Most of it, though, is kept low-key. "I don't know what I'm supposed to doing," Kay confesses to her daughter on the occasion of one of those breaks from activity. Sam, quite wisely, consoles her mother that this—the waiting, the hoping, the being present even in Edna's absence—is what she's supposed to be doing.

The screenplay subtly establishes the relationship between one mother, who is absent, and daughter, while it more explicitly shows the bond between that daughter and her own. While at the police station, Kay admits that it has been a few weeks since she last contacted her mother, whose disappearance was related to her by a neighbor who has been keeping track of Edna. There's a terrible irony in this, which seems to define much of the film's opening section: Kay hasn't been there for her mother, and now that the daughter is there, Edna is nowhere to be seen.
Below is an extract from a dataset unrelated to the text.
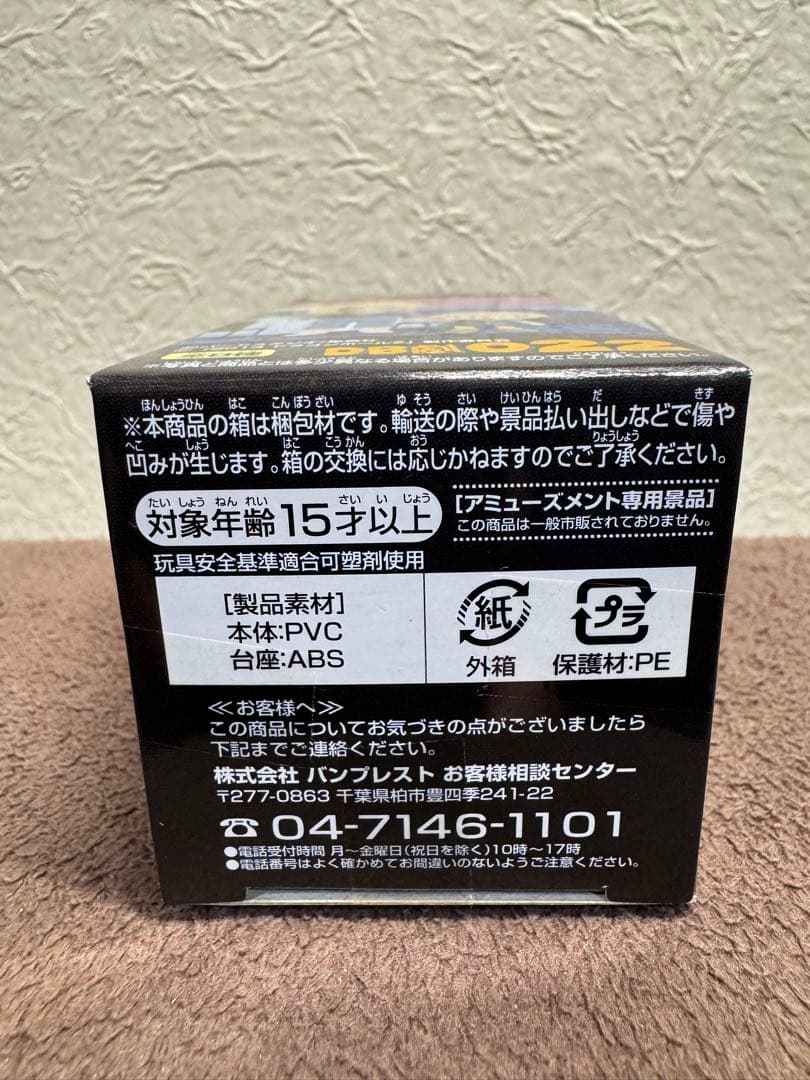 新品 ドラゴンボール 劇場版 ワールドコレクタブル 18号 マーロン 送料込み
The first of the film's many shifts in established expectations arrives sooner than we might anticipate. Edna returns. She seems fine, both physically, besides a bruise on her chest, and mentally, beyond not remembering where she has been for several days. Kay tries to figure out what to do about her mother. Sam offers to move in with her grandmother. Edna's mood changes without warning, while her memory becomes more and more unreliable.
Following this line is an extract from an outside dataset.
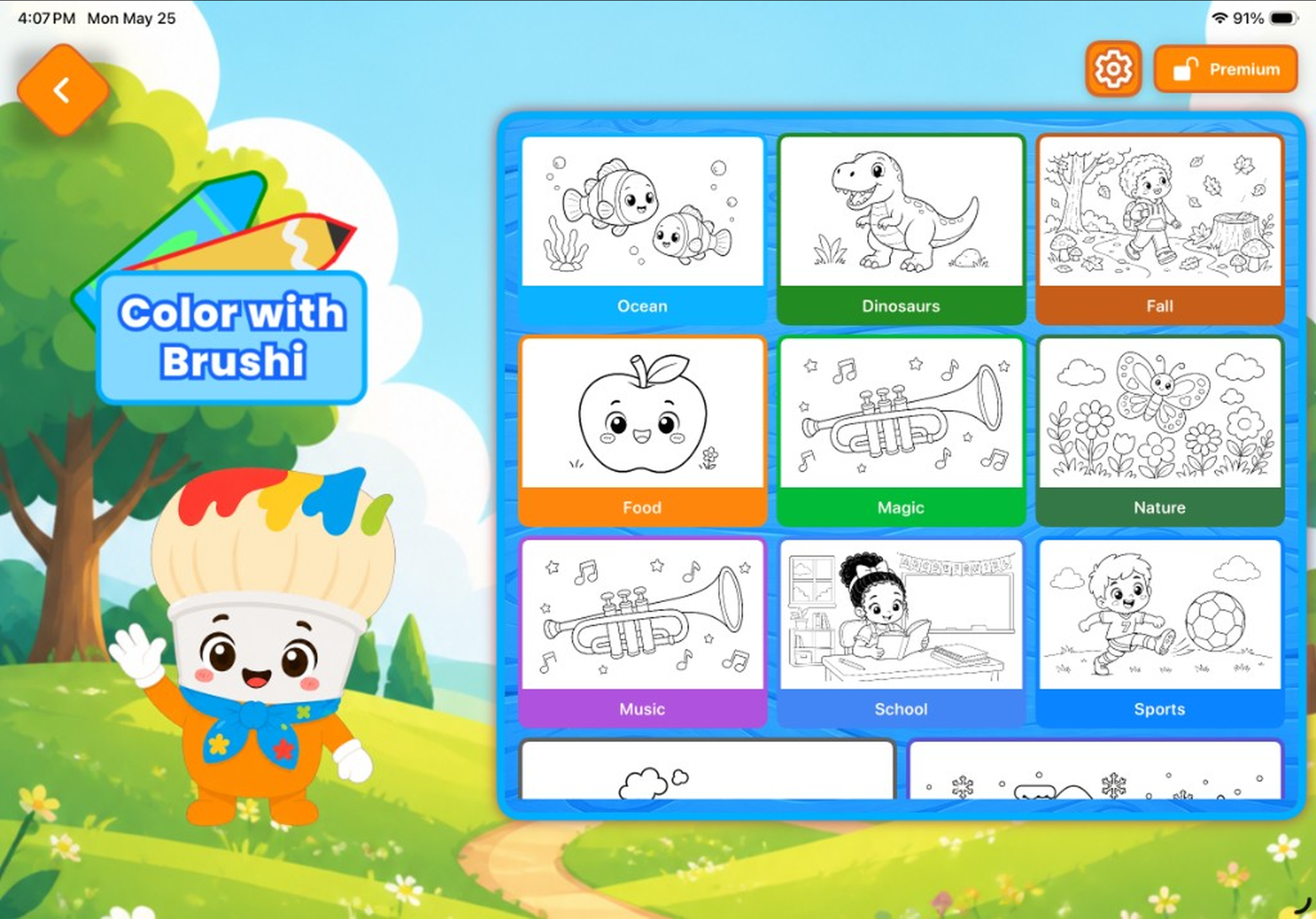 Brushi browse categories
The noises in the house abate, but then there's the matter of a strange closet, which seems to hold some kind of terrific sway over anyone who approaches it or, as in the case of a neighbor child whom Edna locked in there during a game of hide-and-seek, who has the misfortune of being in there for any length of time. Edna becomes convinced that someone—or something—is hiding under her bed and, like a timid and frightened child, asks Kay to look. Something seems to move, but is it real or just Kay's mind, haunted by nightmares of her mother dying alone in a cabin on the property that was razed decades ago, playing tricks on her?
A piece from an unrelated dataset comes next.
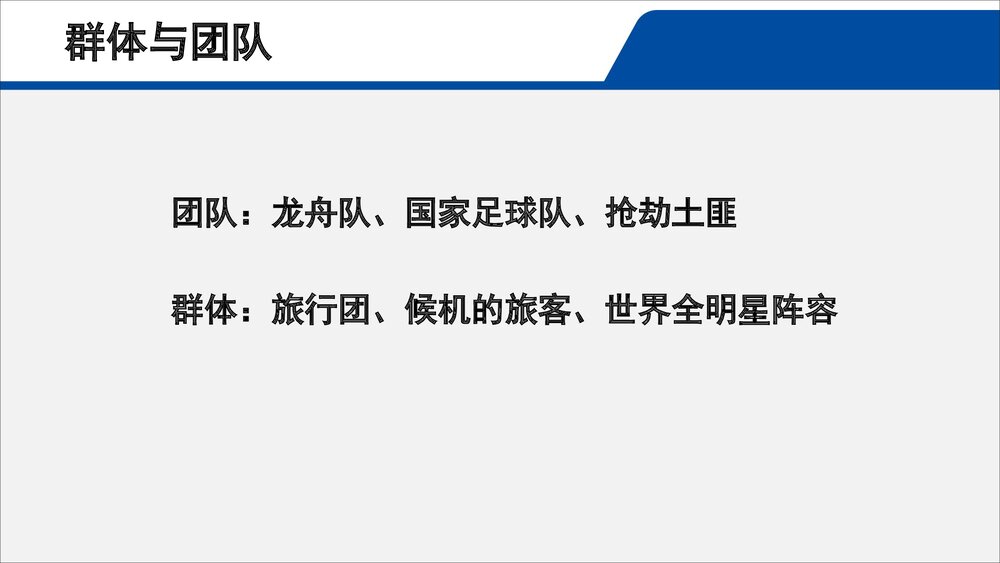 护理团队建设p与发展培训PPT课件（共49页·可编辑修改）10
James digs deeper and deeper into the story's horror elements as it progresses, bathing the house in shadow, while focusing on some nasty black mold on the walls and ramping up the discomfort of physical pain being inflicted on and by the characters. Because she and Christian have so firmly established a series of mysteries about the possible nature and past of this house, we go along with them. We await the moment that the significance of a stained glass window, a photo album that Edna feels compelled to bury in the forest, and those noises and that closet will be revealed—and, with the answers, reveal the central mystery of the house. Meanwhile, the shakiness of these relationships, injured by guilt and uncertainty but wounded to the core by Edna's failing mind, becomes clearer and more tragic.

The biggest and most significant expectation-shattering aspect of this film is how James, fully embracing the concept of a haunted house and the grisly sights of the human body being injured or rotting to the flesh, employs these horror elements to arrive at a more intimate and, hence, more terrifying examination of the consequences of Edna's mental deterioration. To explain it in any detail would be both unfair, because it genuinely is a surprise, and almost impossible, because James is working on a level of metaphor that can only be felt, not rationalized. How else can one explain the penultimate moment, in which the film's most gruesome sight becomes a heartbreaking scene of tenderness?

To be clear, Relic is undoubtedly a horror tale, but it's founded upon an incomprehensible reality and very real fears. The only way to make a modicum of sense of such things is to portray them as horrifically as they feel.